Similar problems with probes in ice crystal were known, but the relatively new design should have accommodated this; it did not - surprise. The main point is that many people ‘did not believe’ (Meldrew effect) that three systems could fail simultaneously - they forgot the assumptions in certification.

Assumptions become cast in stone, ‘hazardous’ 10^-x (7?), we forget that remote probabilities can still occur - so we are surprised, our disbelief is realisation - we forget that reality is not as we imagine.
The crew were unable to manage the situation - surprise, another assumption, that the human could do something, but not an assumption specifically in certification. The event was ‘catastrophic’ 10^-y (9?). The gap between hazardous and catastrophic assumed an unspecified human contribution in being able to do something, not to be relied on, but equally not dismissed in many people’s minds.

Yet considering the probes together with the ADCs, why should we expect humans to be able manage multiple system malfunctions, in systems which were designed to minimise human ‘error’ or manage events deemed beyond both human and automatic abilities (self comparing triple ADCs, triple probes)

The automated cross-comparison ADC logic involved (assumed 10^-x) 2 out of 3 voting which should result in at least one valid output. However, with at least 2 out of 3 pitot inputs being unreliable, the ADC logic was unable to provide a meaningfull value for airspeed display, which also affected many other systems: flight control, guidance, altimeter correction, ... And most importantly was unable to notify the crew that the output was unreliable (pitot input and ADC output were not flagged as invalid, or labelled ‘no computed data’, because the systems were working exactly as designed).

So the impoverished human manager was expected to manage an unexplained situation, with misleading annunciations and displays, and associated systems degradation. A situation which was not considered during design and certification, or if it was then there was no advice to aid the crew either in identification or resolution.
‘Unreliable Airspeed’ was the resultant, not the malfunction; it is difficult to manage complex indeterminate malfunctions by attempting to mange a single visible resultant.

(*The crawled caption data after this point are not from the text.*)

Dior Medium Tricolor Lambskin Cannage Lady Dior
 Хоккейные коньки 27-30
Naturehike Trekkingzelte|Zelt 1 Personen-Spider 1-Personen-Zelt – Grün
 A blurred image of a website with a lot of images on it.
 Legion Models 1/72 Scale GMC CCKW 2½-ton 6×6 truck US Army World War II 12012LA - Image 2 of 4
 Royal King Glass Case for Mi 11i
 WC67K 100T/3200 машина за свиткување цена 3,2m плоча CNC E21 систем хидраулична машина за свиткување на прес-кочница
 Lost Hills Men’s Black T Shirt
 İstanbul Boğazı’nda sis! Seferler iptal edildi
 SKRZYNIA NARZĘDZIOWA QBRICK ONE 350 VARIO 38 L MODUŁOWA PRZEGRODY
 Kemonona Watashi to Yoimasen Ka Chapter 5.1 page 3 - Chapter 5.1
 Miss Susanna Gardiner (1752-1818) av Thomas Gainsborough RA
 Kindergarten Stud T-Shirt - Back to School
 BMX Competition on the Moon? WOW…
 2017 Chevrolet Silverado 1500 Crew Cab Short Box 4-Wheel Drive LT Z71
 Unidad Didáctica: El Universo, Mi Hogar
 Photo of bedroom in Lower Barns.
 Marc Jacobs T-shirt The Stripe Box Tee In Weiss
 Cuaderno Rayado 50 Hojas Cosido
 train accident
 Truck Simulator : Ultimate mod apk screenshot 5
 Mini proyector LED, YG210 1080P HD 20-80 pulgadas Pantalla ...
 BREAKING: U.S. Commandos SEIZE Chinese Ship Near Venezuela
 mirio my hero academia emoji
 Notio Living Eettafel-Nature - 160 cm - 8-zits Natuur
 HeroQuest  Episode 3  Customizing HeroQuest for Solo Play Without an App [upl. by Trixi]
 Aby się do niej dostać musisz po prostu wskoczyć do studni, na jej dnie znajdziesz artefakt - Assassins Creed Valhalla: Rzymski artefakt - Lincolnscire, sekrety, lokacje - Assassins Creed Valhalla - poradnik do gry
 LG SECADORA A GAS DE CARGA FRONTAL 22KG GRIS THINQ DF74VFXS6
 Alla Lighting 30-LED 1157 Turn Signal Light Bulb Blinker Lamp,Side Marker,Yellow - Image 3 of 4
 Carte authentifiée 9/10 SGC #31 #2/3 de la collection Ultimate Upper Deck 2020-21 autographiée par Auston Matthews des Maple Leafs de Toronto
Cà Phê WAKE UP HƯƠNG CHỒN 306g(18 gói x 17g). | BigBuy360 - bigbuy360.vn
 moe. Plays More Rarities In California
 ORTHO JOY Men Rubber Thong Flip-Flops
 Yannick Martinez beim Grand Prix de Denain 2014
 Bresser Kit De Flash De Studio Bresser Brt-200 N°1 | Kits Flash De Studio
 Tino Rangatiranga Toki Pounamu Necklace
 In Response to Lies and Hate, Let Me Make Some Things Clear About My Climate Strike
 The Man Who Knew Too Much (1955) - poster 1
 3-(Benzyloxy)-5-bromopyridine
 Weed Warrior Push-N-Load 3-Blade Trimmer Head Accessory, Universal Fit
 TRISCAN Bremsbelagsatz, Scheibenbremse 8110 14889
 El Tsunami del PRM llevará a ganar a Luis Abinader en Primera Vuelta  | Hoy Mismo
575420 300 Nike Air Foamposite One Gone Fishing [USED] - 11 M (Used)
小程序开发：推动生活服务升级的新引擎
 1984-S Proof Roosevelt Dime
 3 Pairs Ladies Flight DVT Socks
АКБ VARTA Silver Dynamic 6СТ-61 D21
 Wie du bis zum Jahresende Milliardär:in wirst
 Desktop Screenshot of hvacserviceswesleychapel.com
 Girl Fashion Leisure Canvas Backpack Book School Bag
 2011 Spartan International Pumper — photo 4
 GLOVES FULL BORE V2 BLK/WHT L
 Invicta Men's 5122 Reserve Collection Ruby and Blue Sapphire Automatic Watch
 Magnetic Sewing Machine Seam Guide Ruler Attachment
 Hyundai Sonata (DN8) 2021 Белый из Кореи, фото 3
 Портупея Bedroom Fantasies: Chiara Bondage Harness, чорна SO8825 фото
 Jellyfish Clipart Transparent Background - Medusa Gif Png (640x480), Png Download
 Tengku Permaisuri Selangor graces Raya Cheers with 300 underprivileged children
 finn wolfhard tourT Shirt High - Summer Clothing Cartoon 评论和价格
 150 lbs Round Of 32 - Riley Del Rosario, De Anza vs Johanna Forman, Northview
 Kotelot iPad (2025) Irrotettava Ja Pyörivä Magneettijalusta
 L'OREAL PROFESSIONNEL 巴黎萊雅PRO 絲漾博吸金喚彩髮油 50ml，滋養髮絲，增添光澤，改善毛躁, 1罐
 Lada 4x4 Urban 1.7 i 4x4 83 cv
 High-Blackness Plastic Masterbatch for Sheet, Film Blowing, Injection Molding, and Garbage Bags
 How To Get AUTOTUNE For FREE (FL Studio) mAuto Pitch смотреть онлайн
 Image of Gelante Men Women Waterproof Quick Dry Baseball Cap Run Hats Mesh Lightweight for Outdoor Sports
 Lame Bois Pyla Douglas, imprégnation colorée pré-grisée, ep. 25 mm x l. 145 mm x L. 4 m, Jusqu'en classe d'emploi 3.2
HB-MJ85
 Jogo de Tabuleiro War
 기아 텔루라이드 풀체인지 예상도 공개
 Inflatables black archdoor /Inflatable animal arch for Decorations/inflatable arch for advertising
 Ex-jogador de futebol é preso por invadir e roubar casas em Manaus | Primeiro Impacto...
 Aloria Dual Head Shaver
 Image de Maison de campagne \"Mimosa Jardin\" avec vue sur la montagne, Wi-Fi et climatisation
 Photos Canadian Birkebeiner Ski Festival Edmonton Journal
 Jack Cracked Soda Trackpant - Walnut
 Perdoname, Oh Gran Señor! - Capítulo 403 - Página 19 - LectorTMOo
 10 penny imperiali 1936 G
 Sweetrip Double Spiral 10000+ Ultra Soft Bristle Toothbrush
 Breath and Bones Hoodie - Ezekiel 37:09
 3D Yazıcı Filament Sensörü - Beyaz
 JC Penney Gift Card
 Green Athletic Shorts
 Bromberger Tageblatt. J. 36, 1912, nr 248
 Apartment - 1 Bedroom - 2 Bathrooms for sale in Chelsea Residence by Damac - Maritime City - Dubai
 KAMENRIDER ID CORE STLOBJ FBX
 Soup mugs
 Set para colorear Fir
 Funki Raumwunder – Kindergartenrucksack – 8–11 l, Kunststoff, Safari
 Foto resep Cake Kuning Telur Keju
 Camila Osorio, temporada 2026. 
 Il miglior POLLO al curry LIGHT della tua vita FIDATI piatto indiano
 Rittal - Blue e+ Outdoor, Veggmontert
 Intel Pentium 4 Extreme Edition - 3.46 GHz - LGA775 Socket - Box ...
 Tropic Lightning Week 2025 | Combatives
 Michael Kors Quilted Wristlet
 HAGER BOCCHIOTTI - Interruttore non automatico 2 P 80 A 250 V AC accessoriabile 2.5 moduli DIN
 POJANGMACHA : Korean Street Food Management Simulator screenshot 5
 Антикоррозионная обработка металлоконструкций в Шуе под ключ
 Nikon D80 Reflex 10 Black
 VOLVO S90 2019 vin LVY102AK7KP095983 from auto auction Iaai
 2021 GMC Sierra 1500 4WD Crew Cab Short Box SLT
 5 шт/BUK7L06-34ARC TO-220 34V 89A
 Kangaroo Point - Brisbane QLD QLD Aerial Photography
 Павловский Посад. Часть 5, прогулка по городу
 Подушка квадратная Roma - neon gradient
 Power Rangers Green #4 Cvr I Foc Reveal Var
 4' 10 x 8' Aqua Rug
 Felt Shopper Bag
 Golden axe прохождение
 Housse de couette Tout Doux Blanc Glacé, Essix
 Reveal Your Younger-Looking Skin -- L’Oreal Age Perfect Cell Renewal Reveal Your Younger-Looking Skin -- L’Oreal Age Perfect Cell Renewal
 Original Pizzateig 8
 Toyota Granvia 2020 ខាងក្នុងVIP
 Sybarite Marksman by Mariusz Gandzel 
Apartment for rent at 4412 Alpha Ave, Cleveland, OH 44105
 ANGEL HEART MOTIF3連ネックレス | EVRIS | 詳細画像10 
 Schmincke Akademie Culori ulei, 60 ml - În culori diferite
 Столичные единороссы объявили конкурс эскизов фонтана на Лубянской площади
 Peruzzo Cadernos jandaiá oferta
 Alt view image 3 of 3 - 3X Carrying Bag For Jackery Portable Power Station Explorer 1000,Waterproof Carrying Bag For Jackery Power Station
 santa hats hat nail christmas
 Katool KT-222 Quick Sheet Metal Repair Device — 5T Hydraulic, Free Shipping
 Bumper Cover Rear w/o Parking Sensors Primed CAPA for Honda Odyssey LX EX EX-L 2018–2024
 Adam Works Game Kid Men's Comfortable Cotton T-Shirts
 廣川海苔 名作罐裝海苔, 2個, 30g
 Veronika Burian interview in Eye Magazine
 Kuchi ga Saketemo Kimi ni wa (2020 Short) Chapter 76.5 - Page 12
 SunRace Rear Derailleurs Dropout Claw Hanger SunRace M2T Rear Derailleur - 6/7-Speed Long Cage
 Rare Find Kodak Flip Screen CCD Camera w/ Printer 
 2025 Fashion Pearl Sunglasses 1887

Who knew? 20+ previous events managed by the ‘crew’; did this reinforce the assumption that the human will manage future events until a technical fix was available - regulator?

Who learnt? Overtly perhaps the aircraft manufacturer. The pitots were changed, but also a backup speed system BUSS, is now available (which as I understand is independent of air data, AoA based, but not via ADCs).
As a technical advancement this might re-acknowledge the limits certification, and that having experienced one ‘unforeseen’ failure, there could be more. Thus uncalled-for belt and braces changes; also listening to the industry which identified the importance of a speed related instrument in surprising/startling situations - an island, safe haven, in a sea of confusion.
Good engineering practice (sales potential - get marketing to pay for the change), a marker for future system design or at least refreshing safety thinking.

Then there are areas about system interface and assumptions about human behaviour, safety views of threats and management, training, checklists, and of course CRM (if you can define that).